Odyr passe à la peinture directe et propose un univers très coloré qui contraste avec la noirceur de la tragédie. La mise en scène et les couleurs sont joyeuses, nous sommes dans le conte jusqu’au moment où il bascule dans la dystopie pour les animaux, où les chiens se sont plus menaçants et les cochons s’installent à la table des humains à qui ils avaient juré de ne jamais ressembler. Et finalement, cet album ne ressemble pas à un autre, une manière pour l’artiste d’y échapper en sous-texte.
Mort aux cons de Carl Aderhold adapté par Corbeyran & Saint-Georges, Jungle Radam
La connerie est la nouvelle star des librairies, après le succès de Faut pas prendre les cons pour des gens (lire le coup de cœur ici), les auteurs s’attaquent à adapter un polar particulièrement pertinent sur le sujet où le héros décide de tuer tous les cons.
Pour cette adaptation, Éric Corbeyran s’associe à un jeune talent, repéré au concours du Festival de la BD d’Angoulême, Alexis de Saint-Georges pour en proposer un angle neuf. Le dessinateur propose des variations graphiques bienvenues au cœur de l’album pour alterner les ambiances à travers son utilisation de la couleur et jouer sur des ruptures de ton en accord avec le texte. Si l’album démarre de manière assez classique, on est assez vite emporté par l’intrigue loufoque de Carl Aderhold retravaillée par Corbeyran.

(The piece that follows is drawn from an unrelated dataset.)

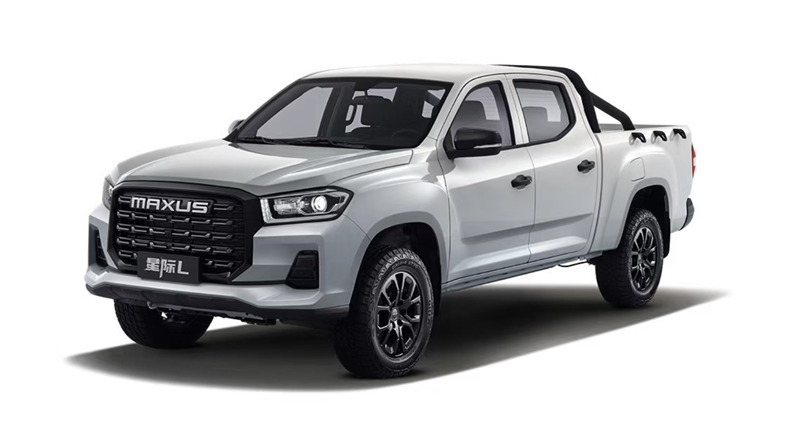 031727107d1da4eb3a8147.png 柴油王者回歸 乘用權(quán)限破局 2025還有7款皮卡新車待上市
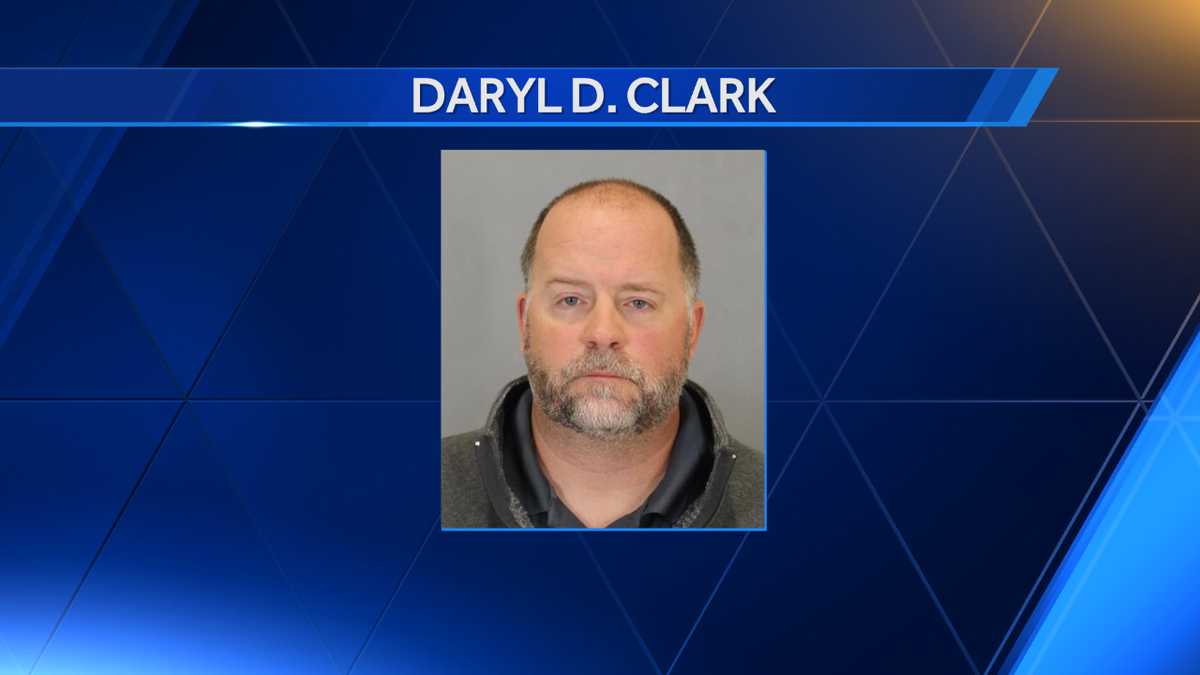 ​Teacher arrested on charge of sexual assault of a child​ - KETV Omaha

Si vous n’êtes pas amateur d’humour noir, laissez-vous convaincre quand même par ce justicier foireux qui décide d’éradiquer les cons. Si les premiers meurtres sont assez “faciles” pour lui, déterminer qui est con va devenir un dilemme moral au fil de l’intrigue. Encore plus quand un flic se met à débattre avec lui du sujet pour le plaisir de la discussion.
Peut-on vraiment créer un monde meilleur en laissant un tueur en liberté faire le sale boulot ? Si tenté qu’il soit possible de déterminer qui est vraiment un con ? Les fans de Death note trouveront un autre angle d’attaque sur un thème commun, où cette fois notre héros n’a pas besoin d’un carnet noir, mais plutôt d’un peu de jugeote.

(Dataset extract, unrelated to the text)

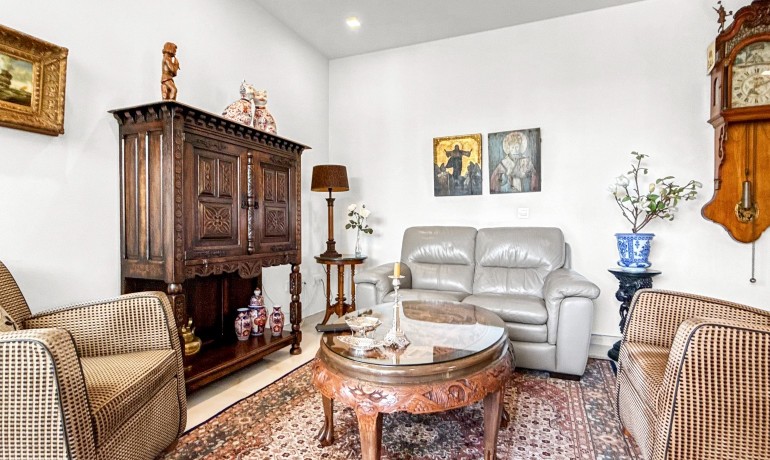 Sale - Apartment / Flat -
Orihuela Costa* - Los Altos*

La Terre Vagabonde de Liu Cixin adapté par Christophe Bec & Stefano Raffaele, Delcourt
Nouvelle collection ambitieuse, Les Futurs de Liu Cixin propose quinze albums qui adaptent des nouvelles de l’écrivain chinois par des équipes d’auteurs internationaux. Liu Cixin est un auteur de science-fiction récompensé et populaire dans le monde entier depuis son best-seller Le Problème à trois corps. Le projet est de proposer une collection de SF autour de son œuvre moins connue, ses nouvelles, en réunissant des auteurs de talents.
Avec La Terre Vagabonde Christophe Bec & Stefano Raffaele s’emparent d’un court roman (déjà adapté à l’écran sous le titre The Wandering Earth, dispo sur Netflix) où la Terre est en passe d’être déplacée de son orbite et système solaire pour échapper à sa destruction. On va suivre la vie d’une personne à tous les âges de sa vie pour accompagner cette transition inédite, mais aussi les grandes étapes de ce plan qui mobilise la population mondiale. On suit le destin d’un jeune chinois qui va nous faire vivre les grandes étapes de cette course contre la montre, mais aussi découvrir la vie sur Terre à cette époque.

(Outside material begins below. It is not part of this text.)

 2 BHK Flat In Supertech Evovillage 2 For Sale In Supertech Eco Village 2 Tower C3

Chaque album sera un one-shot et explorera des thématiques différentes. Les auteurs choisis pour chaque livre ont quelques affinités avec les thématiques, dans La Terre Vagabonde le dessinateur propose des planches très travaillées pour donner à voir cette vision futuriste, l’éditeur leur a permis de proposer même des doubles doubles pages qui se déplient à des moments clefs. Les auteurs jouent sur le suspens et le côté angoissant plus que la hard SF et se concentrent sur les personnages ou l’action plutôt que de plonger dans les explications. Cela donne une adaptation singulière où on sent bien l’ADN des auteurs qui s’adaptent. On espère que les adaptations suivantes seront aussi personnelles.